+++ Data extract

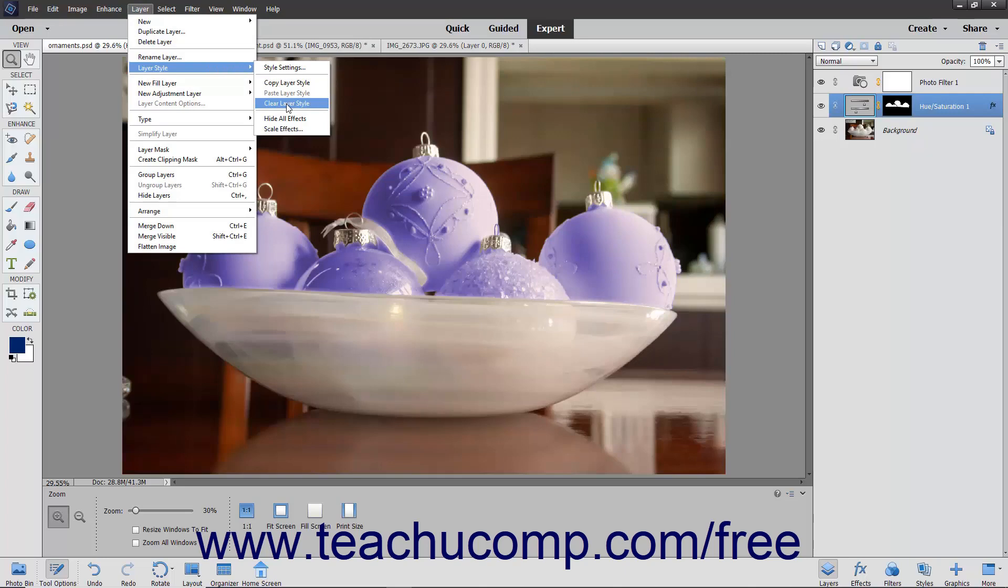To copy and paste a Layer Style onto other layers, select the layer with the Layer Style to copy, and then select Layer Layer Style Copy Layer Style from the menu bar.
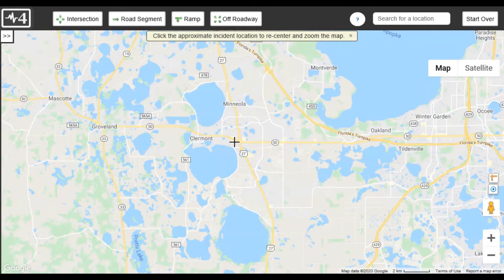Hello! In this video I will demonstrate how you can edit a saved location. If you haven't already, please watch the basic use video first. If only small changes are needed, it is much easier to edit a location than delete it and start all over.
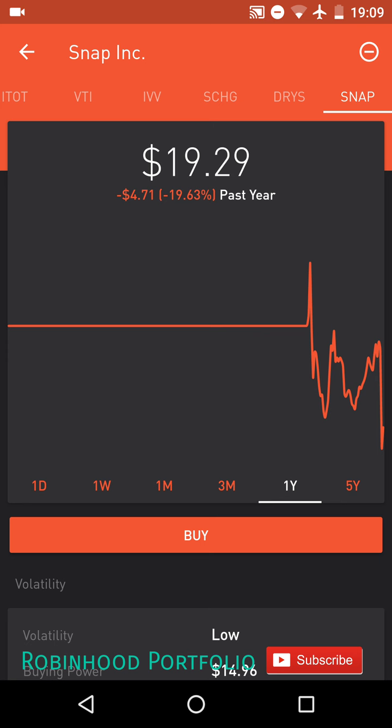To quickly recap momentum trading: you hold the stock for a few minutes and base your decision to buy on a news report or special report — basically something on the newswire — and the volume is very high. There's some special event telling investors to either buy or sell the stock, and investors try to take advantage of that.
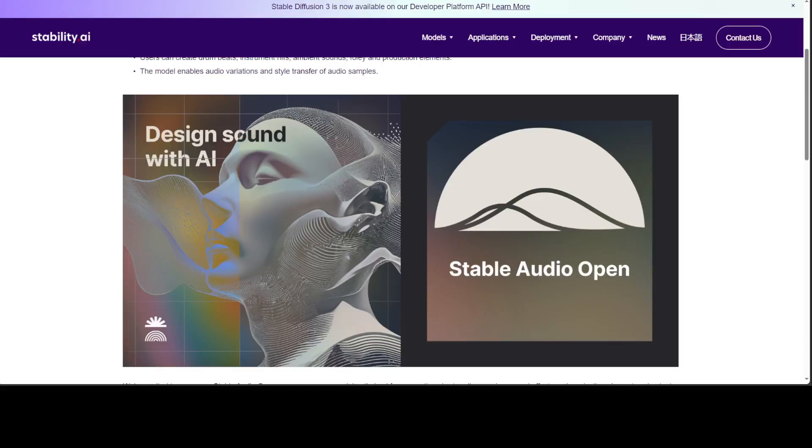Hello guys, I am very excited to share this game-changing model from Stability AI. This model is called Stable Audio Open, an open-source text-to-audio model for generating up to 47 seconds of samples and sound effects.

++++++

● **Try it**:
The first line of the listing through the line with "Hello! In this": repeat exactly that span and nothing more, skipping pictures.

● **Reply**:
To copy and paste a Layer Style onto other layers, select the layer with the Layer Style to copy, and then select Layer Layer Style Copy Layer Style from the menu bar.
Hello! In this video I will demonstrate how you can edit a saved location. If you haven't already, please watch the basic use video first. If only small changes are needed, it is much easier to edit a location than delete it and start all over.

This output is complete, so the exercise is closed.